Aujourd’hui encore, et même si la majorité d’entre nous n’avons pas vraiment connu ces lieux, combien vont à l’urinoir sans avoir l’œil qui louche un peu sur le voisin ? Mieux, combien refusent de faire à l’urinoir justement afin d’éviter d’hypothétiques regards malsains ? Préfèrent-ils alors s’isoler dans une cabine ? Remarqueront-ils tout de suite s’il y a un glory hole ? Cette exposition rappelle combien les toilettes publiques existent encore en nous. Le tag « pissing » qui nous vient de la pisse y est né. Où pouvait-il naître ailleurs d’ailleurs ?

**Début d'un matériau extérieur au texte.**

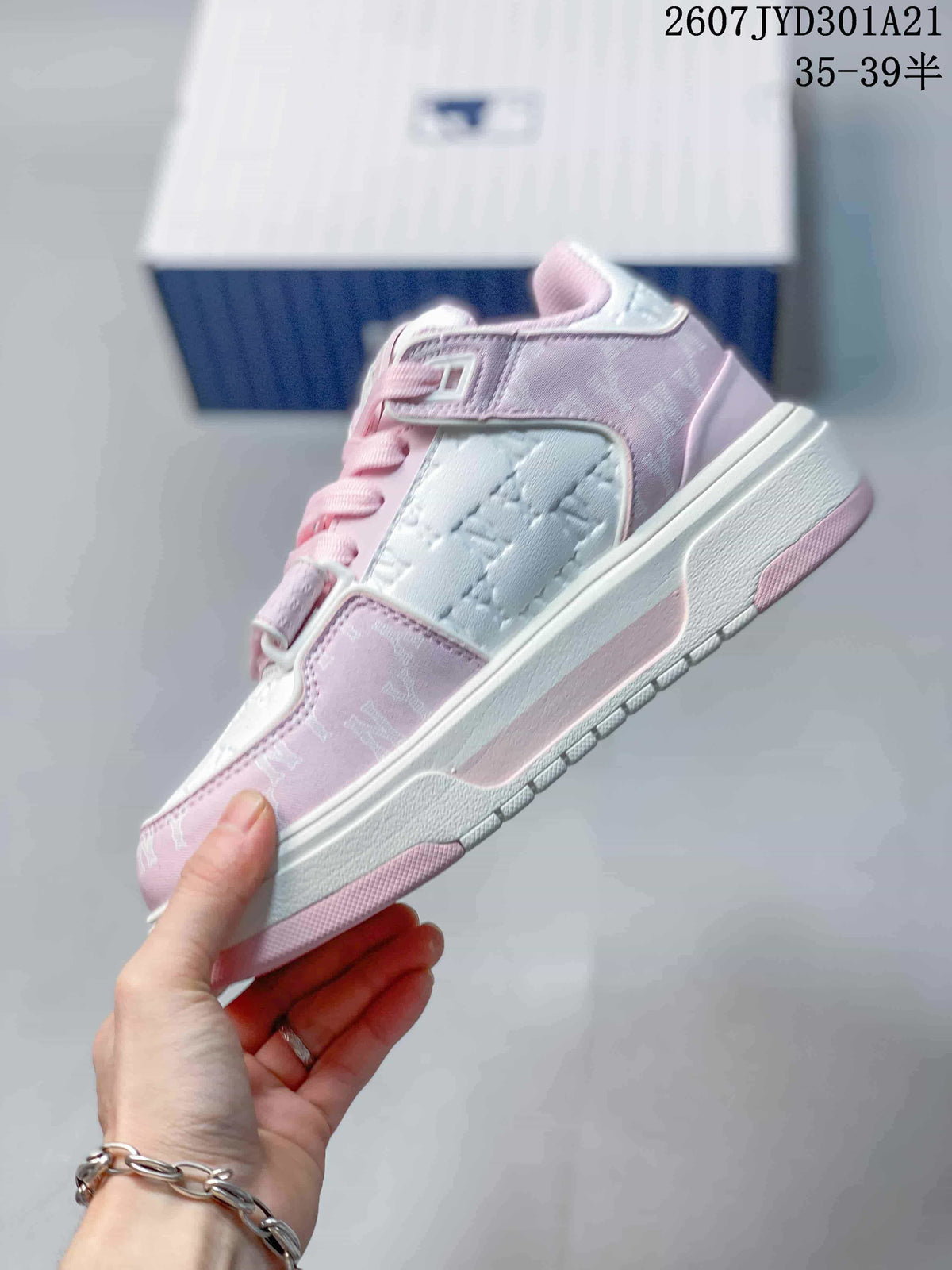 Side view showing the pink and white high-top sneaker, layered panels, laces, strap, and patterned outsole.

Toilet sex : le rapport avec les couples gay
Pour en revenir à mon hypothèse de départ sur les liens entre la photographie de mariage et les toilettes publiques, je laisse Marc Martin parler pour moi :
« Le week-end du vernissage, un homme âgé pleurait discrètement dans la salle de l’exposition avec le livre contre son cœur. Le livre était ouvert précisément sur les photos anciennes de Berlin. 60 ans plus tôt, ce vieil homme y rencontrait un inconnu. Un inconnu qui allait devenir son compagnon de vie, un compagnon aujourd’hui disparu. J’ai pris un café avec lui au bar du Musée. C’est là qu’il m’a raconté cette rencontre ; une belle histoire mais assez banale en soi. Ce qui m’a profondément bouleversé, c’est qu’il n’avait jamais jusqu’ici osé avouer à qui que ce soit la vérité sur sa rencontre avec l’homme de sa vie, précisément parce qu’elle avait eu lieu dans une pissotière ! » Vice.com, 2017, interview de Kevin Clarke
Les mariages sont toujours codifiés et beaucoup de gay ne manquent pas à ces règles bien établies. Il y a bien évidement les familles, les amis et parfois les collègues. Il y a le passage en mairie, le vin d’honneur et le fameux banquet ou toutes les têtes et les regards sont rivés sur les tourtereaux. Comment vous êtes-vous rencontré ? est la question facile à éluder d’ordinaire mais il faut bien broder une histoire pour le jour de ses noces. Combien osent raconter celle-ci :
On s’est rencontré sur Grindr. On s’était donné rendez-vous sur un parking et on a fait plus ample connaissance dans les toilettes publiques, juste à côté !
Toilet sex : pour finir
Il faut savoir qu’on pouvait rencontrer de très beaux mecs dans les toilettes publiques.
Le 7 avril 1998, dans celles d’un parc arborée de Beverly Hills, certains sont tombés sur George Michael. Sont-ils tombés à genoux, l’histoire ne le dit pas, mais George en a fait une chanson où les toilettes publiques s’illuminent à la Saturday Night Fever et où George est tout en déhanchés dans un uniforme de policier. De quoi exiger qu’on ressuscite l’ambiance des sanisettes d’antan.
moi je refuse de faire à l’urinoir cause odeur … quand je dois m’arrêter sur autoroute je fais dehors contre un arbre à l’air pur !! … au moins je n’aurai pas à inventer des histoires si je me marie !!!